BRIEF
If you see a picture in the data below, omit it and copy the rest exactly.

[Records from a data source]

*** Block opens ***

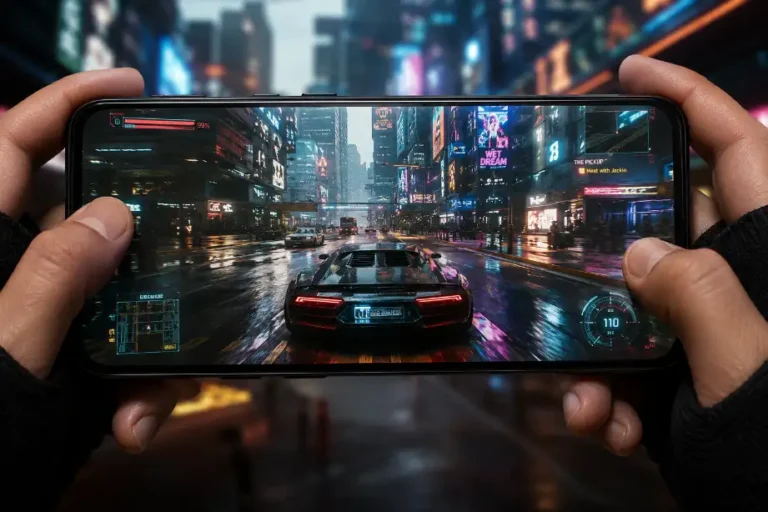 Mobile Gaming in 2026: Console-Level Graphics on Smartphones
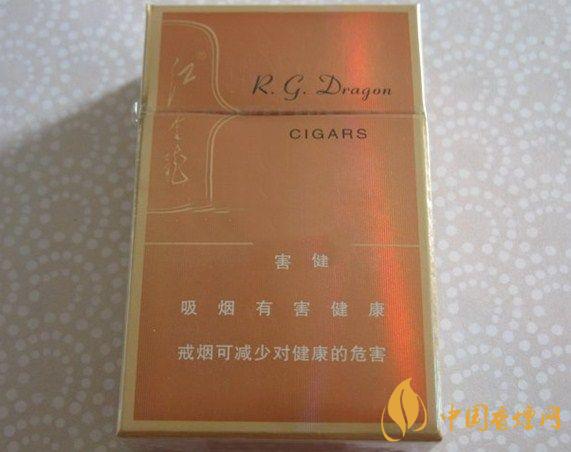 公認口感好的5款紅金龍平價煙！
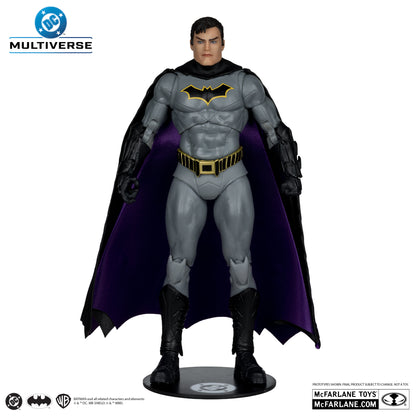 McFarlane Toys Batman Rebirth #1 Gold Label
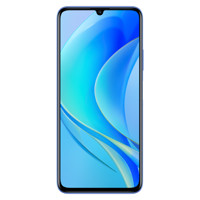 HUAWEI 华为 畅享50 4G手机 6GB+128GB 冰晶蓝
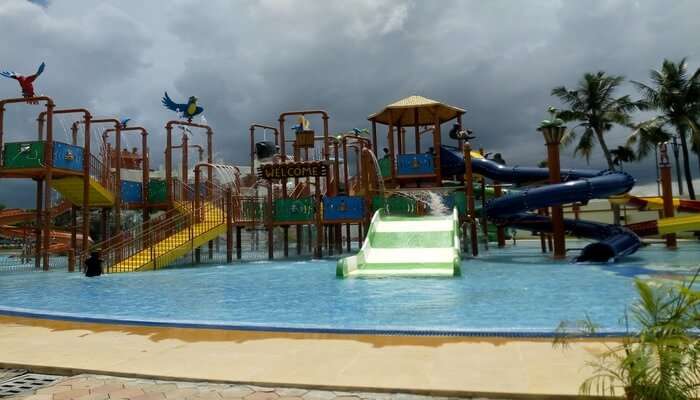 Aquacity Water Park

*** Block closes ***

SOLUTION FOR THIS EXERCISE
 Mobile Gaming in 2026: Console-Level Graphics on Smartphones
 公認口感好的5款紅金龍平價煙！
 McFarlane Toys Batman Rebirth #1 Gold Label
 HUAWEI 华为 畅享50 4G手机 6GB+128GB 冰晶蓝
 Aquacity Water Park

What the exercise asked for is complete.